Como se mais certezas fossem precisas, António Lobo Antunes é, a par de José Saramago, um gigante da literatura lusófona. Em cada romance de Lobo Antunes tenho encontrado autênticos tesouros de linguagem tão geniais como viscerais.
Cinco ex-combatentes da guerra colonial encontram-se numa noite de copofonia, ao longo da qual entram em diversas reminiscências sobre a própria guerra, sobre as suas vidas no regresso a Portugal no período pré-revolucionário e sobre como as suas vidas deram as mais variadas voltas com a Revolução e com o pós-revolução. Abílio, o soldado, recorda principalmente o acolhimento por parte do seu tio na sua empresa e em sua casa, onde conhece Odete, por quem teve uma paixão. Jorge, o alferes, rememora sobre as tensões com a família de classe alta da sua ex-mulher e sobre o processo de divórcio, quer com a sua mulher quer com a sua filha. Artur, o tenente-coronel, rumina a sua viuvez ao regressar a Portugal, a par com o progresso da sua carreira rumo ao generalato durante as convulsões pós-revolução. Celestino, o oficial de transmissões, recorda os seus tempos de militância comunista no regresso à pátria e a sua prisão e libertação no período revolucionário, assim como a sua paixão por Dália, sua camarada. O Capitão, o quinto elemento da noite dos militares, não tem participação ativa, ouvindo as queixas e as frustrações dos seus camaradas, servindo esporadicamente de narrador. A noitada dos cinco segue também ela um percurso caricato, terminando, como as próprias aspirações portuguesas pós-revolucionárias, num final tão inverosímil como tragicómico.

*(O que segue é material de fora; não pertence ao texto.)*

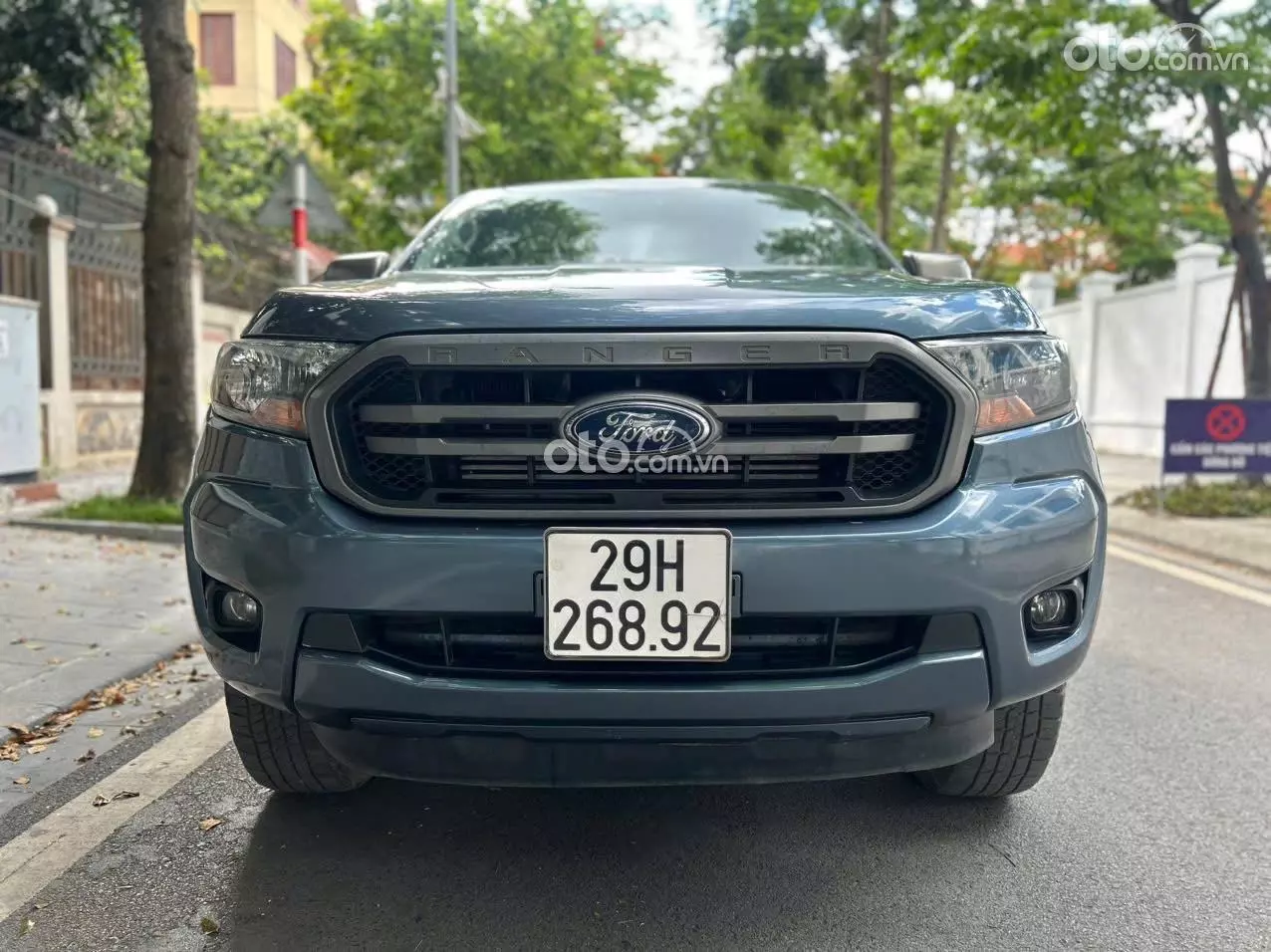 2019 Ford Ranger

O paralelismo que Lobo Antunes opera entre as vidas e os infortúnios dos cinco militares e o percurso de Portugal entre o fim da ditadura e a consagração democrática é de um delicioso pessimismo. Este autor nunca escondeu, nas suas obras, uma visão mais pessimista da oposição entre as promessas da mudança e o conformismo português. Nenhuma das quatro vidas que nos são relatadas tem alguma hipótese de felicidade. E, no entanto, a esperança continua lá. A melancolia é uma constante na nossa autoavaliação histórica, e este romance captura essa visão de mundo tão peculiar de uma forma magistral. António Lobo Antunes é um dos mestres da língua e da linguagem portuguesas. As suas obras estão repletas de puro vernáculo, que dá sempre um imenso gosto de ler. O domínio da linguagem expressa-se no uso imaginativo que faz de certos recursos estilísticos que se tornaram apanágio de Lobo Antunes, como as descrições metonímicas com enfoque na sinédoque, as sinestesias e as personificações, ou a prosa polissindética. O romance está dividido em três partes, "antes da revolução", "a revolução" e "depois da revolução", que marca os períodos aos quais se prendem as recordações de cada um, e cada parte subdivide-se em 12 capítulos. Os quatro primeiros capítulos de cada parte correspondem aos quatro distintos narradores, aglomerando-se e confundindo-se as vozes com a progressão dos restantes capítulos. A única exceção é o capítulo 11 da terceira parte, que corresponde a uma personagem que não participa na ação, mas que tem um papel fundamental enquanto súmula da mensagem que Lobo Antunes redige, e que constitui um momento de prosa sublime no panorama da literatura portuguesa. O tempo do romance funciona de uma forma bastante antuniana; existe o tempo da ação, que ocorre na noitada, e os tempos psicológicos, onde a ação decorre nos períodos relatados, mas nas cabeças dos ex-combatentes. Devido a esse facto, durante os relatos de cada um deles, o tempo ziguezagueia entre a noitada e o tempo narrado, o que gera intromissões e comentários por parte dos restantes presentes, assim como fluxos de consciência do personagem sobre quem incide o foco. Em alguns capítulos, o autor dá-se a pequenos momentos de plasticidade estrutural, iniciando parágrafos com minúsculas, isolando certas sequências de ideias do resto do parágrafo ou acompanhando o movimento descrito com a redação das palavras que o descrevem.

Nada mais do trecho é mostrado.